Yeah I feel like wrapping it in an effect is suboptimal, both in terms of ergonomics and performance
Maybe that just means we need to focus on tooling and auditing. Being able to say, "this library calls into 8 ffi methods. You only potentially call into 3 of them. Here they are so you can double check they don't break pure functional guarantees". Kinda like how unsafe sticks out in rust.
Would it be possible to use wasm for such cases?
I'm not sure I follow. What are you suggesting?
Compile the lib you want to use to wasm.
And then compile it to native as part of the compilation process. (e.g. wasmer also uses llvm to do that afaik)

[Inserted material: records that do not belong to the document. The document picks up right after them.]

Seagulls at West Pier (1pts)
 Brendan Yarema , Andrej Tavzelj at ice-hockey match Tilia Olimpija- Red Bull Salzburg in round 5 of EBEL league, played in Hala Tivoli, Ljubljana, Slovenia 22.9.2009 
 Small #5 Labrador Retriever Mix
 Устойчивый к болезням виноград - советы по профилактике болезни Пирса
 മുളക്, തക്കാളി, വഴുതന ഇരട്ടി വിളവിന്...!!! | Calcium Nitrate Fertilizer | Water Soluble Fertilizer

i'm not so firm in wasm stuff, but if wasi is missing, wouldn't you be limited to pure functions?
this way you could trust that everything is pure without having to check everything.

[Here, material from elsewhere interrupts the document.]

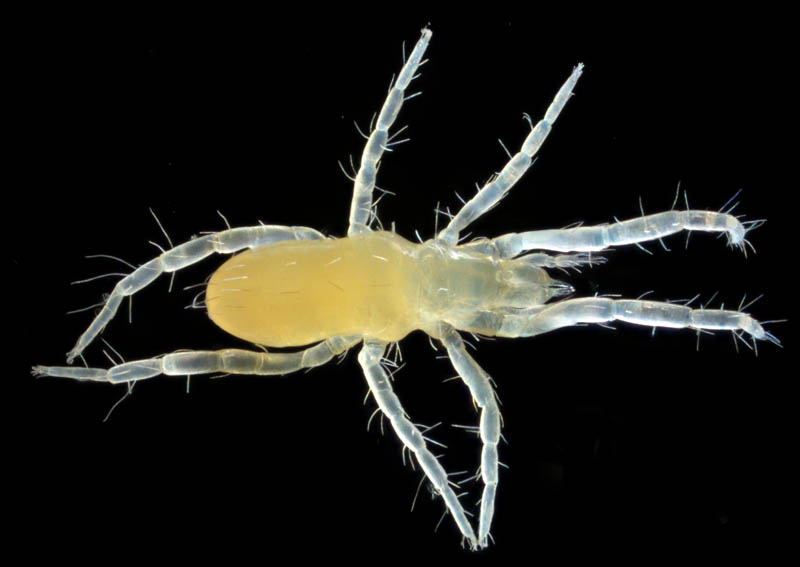 ハシリダニ科（Eupodidae）の1種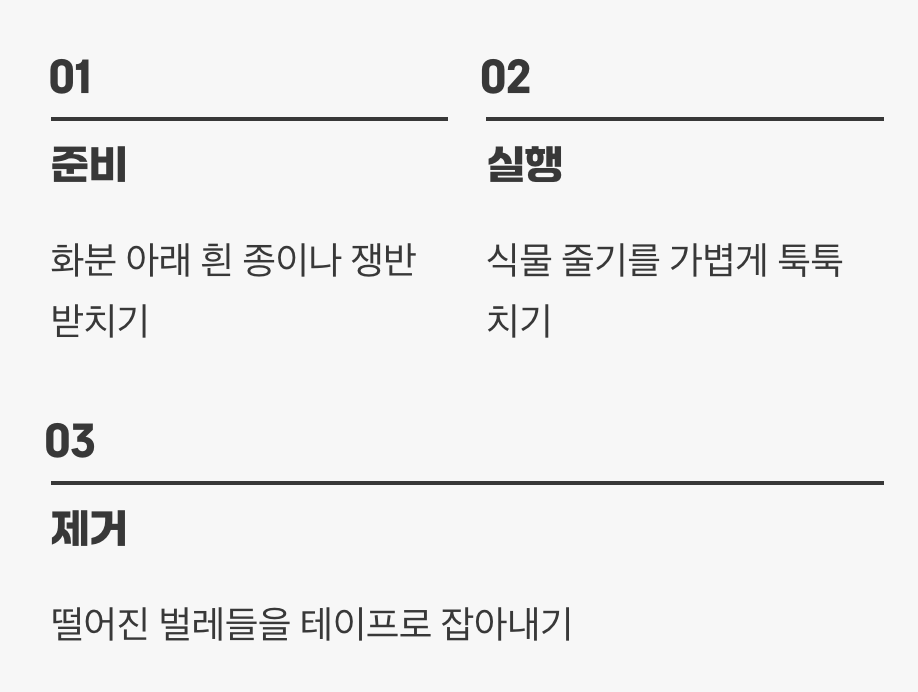첫 번째 길: 물리적 방제, 가장 확실한 방법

but like i said, i'm not sure about that...
Yeah, that makes sense. It'd only be relevant in a wasm-runtime context though, and we probably don't want to bundle a WASM executor with such builds.

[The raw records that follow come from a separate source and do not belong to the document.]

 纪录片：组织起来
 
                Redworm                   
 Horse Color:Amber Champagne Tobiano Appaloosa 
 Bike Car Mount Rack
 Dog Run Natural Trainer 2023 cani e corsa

I guess you could use wasm2c or something and then recompile, but at that's likely to break for projects this would be worth doing for
Also to do this you'd need the original source code, which we likely have but is something to think about
In that case though, I guess you could not link libc, etc (or link a "pure" version) and see how far that gets you since that would limit the interfaces you have to access the outside world
If you're importing WASI into your .wasm bundle then there are no purity guarantees because any function could be calling any of those WASI system calls to do any side effect.
Oh right sorry you said if WASI is missing
without wasi, could there be mutation of values that the roc side could see?
I'd think so
It's still a different concept from functional purity though. The Wasm module has its own memory so it could store things and return a different value from the same function every time
for the same input
unlike pure functions
Brian Carroll said:
It's still a different concept from functional purity though. The Wasm module has its own memory so it could store things and return a different value from the same function every time
ah, you are right.
i was so focused on "limit the access to the file system/network/..., because e.g. editor might execute such a package on the fly" train of thought, that i totally forgot about memory.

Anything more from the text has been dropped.